3.3.2 Exercises: memberchk/2

Exercise 12Another example. Recall the definition of my_member/2:11

my_member(Item, [Item|_]).  
my_member(Item, [_|Tail]):-  
  my_member(Item, Tail).

We previously used my_member/2 to discover whether the first argument was an element of the second argument, but, if the first argument is a variable, it can also be used to generate a set of answers:

?- my_member(X, [a,b,c]).  
 
X = a ? ;  
 
X = b ? ;  
 
X = c ? ;  
 
no

As the following trace shows, each time a goal succeeds, it is by choosing the first clause of my_member/2. Whenever an additional solution is requested, Prolog backtracks from the first clause of the definition and tries the second clause instead, until all possibilities have been exhausted.

[trace]  ?- my_member(X, [a,b,c]).  
   Call: (7) my_member(_G292, [a, b, c]) ? creep  
   Exit: (7) my_member(a, [a, b, c]) ? creep  
 
X = a ;  
   Redo: (7) my_member(_G292, [a, b, c]) ? creep  
   Call: (8) my_member(_G292, [b, c]) ? creep  
   Exit: (8) my_member(b, [b, c]) ? creep  
   Exit: (7) my_member(b, [a, b, c]) ? creep  
 
X = b ;  
   Redo: (8) my_member(_G292, [b, c]) ? creep  
   Call: (9) my_member(_G292, [c]) ? creep  
   Exit: (9) my_member(c, [c]) ? creep  
   Exit: (8) my_member(c, [b, c]) ? creep  
   Exit: (7) my_member(c, [a, b, c]) ? creep  
 
X = c ;  
   Redo: (9) my_member(_G292, [c]) ? creep  
   Call: (10) my_member(_G292, []) ? creep  
   Fail: (10) my_member(_G292, []) ? creep  
   Fail: (9) my_member(_G292, [c]) ? creep  
   Fail: (8) my_member(_G292, [b, c]) ? creep  
   Fail: (7) my_member(_G292, [a, b, c]) ? creep  
 
No

Here is a modified version of the standard definition of member/2; one with a cut in the first clause.

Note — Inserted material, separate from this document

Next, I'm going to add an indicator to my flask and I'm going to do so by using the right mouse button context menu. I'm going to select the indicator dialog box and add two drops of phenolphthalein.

How does its behaviour differ from the standard member/2, and why?12

my_memberchk(Item, [Item|_]):- !.  
 
my_memberchk(Item, [_|Tail]):-  
   my_memberchk(Item, Tail).

Exercise 13Do this exercise with pencil and paper; not on a computer.

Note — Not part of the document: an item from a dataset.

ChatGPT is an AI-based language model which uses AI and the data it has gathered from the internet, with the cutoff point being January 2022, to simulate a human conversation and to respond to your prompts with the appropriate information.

What is the function of the following program?

pred(X, [X]).  
pred(X, [_|Y]):-  
     pred(X, Y).

Provide a trace of the program executing the following call and state what the value of X will be when the call terminates.

|?- pred(X, [the,talk,of,the,town]).

What would be the result of forcing the program to backtrack?